→ Exercise aim
Each entry in this listing needs to be written out again, word for word.

Start of Block

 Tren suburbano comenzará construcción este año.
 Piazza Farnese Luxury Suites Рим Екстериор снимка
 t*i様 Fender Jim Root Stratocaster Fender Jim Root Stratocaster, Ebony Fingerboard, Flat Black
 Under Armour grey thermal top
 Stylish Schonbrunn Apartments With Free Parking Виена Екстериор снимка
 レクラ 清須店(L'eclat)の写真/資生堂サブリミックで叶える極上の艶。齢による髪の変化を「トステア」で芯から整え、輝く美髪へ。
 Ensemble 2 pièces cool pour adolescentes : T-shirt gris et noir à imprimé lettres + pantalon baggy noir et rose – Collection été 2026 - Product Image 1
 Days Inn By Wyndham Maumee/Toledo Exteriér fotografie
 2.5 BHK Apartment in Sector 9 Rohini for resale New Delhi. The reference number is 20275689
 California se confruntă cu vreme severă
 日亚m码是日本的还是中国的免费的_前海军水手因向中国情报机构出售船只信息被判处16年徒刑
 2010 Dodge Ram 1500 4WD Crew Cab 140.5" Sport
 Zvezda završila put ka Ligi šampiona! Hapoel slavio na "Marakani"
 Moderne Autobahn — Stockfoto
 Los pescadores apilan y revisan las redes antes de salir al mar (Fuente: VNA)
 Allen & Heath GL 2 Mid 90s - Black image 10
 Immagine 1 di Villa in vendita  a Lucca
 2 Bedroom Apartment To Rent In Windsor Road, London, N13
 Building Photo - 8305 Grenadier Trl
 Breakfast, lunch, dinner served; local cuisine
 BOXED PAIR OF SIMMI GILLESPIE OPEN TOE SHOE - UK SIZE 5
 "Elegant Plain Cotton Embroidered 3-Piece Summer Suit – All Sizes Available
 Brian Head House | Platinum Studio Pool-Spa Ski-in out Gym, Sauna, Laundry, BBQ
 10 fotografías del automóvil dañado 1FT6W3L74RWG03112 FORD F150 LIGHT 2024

End of Block

→ Output for this task
 Tren suburbano comenzará construcción este año.
 Piazza Farnese Luxury Suites Рим Екстериор снимка
 t*i様 Fender Jim Root Stratocaster Fender Jim Root Stratocaster, Ebony Fingerboard, Flat Black
 Under Armour grey thermal top
 Stylish Schonbrunn Apartments With Free Parking Виена Екстериор снимка
 レクラ 清須店(L'eclat)の写真/資生堂サブリミックで叶える極上の艶。齢による髪の変化を「トステア」で芯から整え、輝く美髪へ。
 Ensemble 2 pièces cool pour adolescentes : T-shirt gris et noir à imprimé lettres + pantalon baggy noir et rose – Collection été 2026 - Product Image 1
 Days Inn By Wyndham Maumee/Toledo Exteriér fotografie
 2.5 BHK Apartment in Sector 9 Rohini for resale New Delhi. The reference number is 20275689
 California se confruntă cu vreme severă
 日亚m码是日本的还是中国的免费的_前海军水手因向中国情报机构出售船只信息被判处16年徒刑
 2010 Dodge Ram 1500 4WD Crew Cab 140.5" Sport
 Zvezda završila put ka Ligi šampiona! Hapoel slavio na "Marakani"
 Moderne Autobahn — Stockfoto
 Los pescadores apilan y revisan las redes antes de salir al mar (Fuente: VNA)
 Allen & Heath GL 2 Mid 90s - Black image 10
 Immagine 1 di Villa in vendita  a Lucca
 2 Bedroom Apartment To Rent In Windsor Road, London, N13
 Building Photo - 8305 Grenadier Trl
 Breakfast, lunch, dinner served; local cuisine
 BOXED PAIR OF SIMMI GILLESPIE OPEN TOE SHOE - UK SIZE 5
 "Elegant Plain Cotton Embroidered 3-Piece Summer Suit – All Sizes Available
 Brian Head House | Platinum Studio Pool-Spa Ski-in out Gym, Sauna, Laundry, BBQ
 10 fotografías del automóvil dañado 1FT6W3L74RWG03112 FORD F150 LIGHT 2024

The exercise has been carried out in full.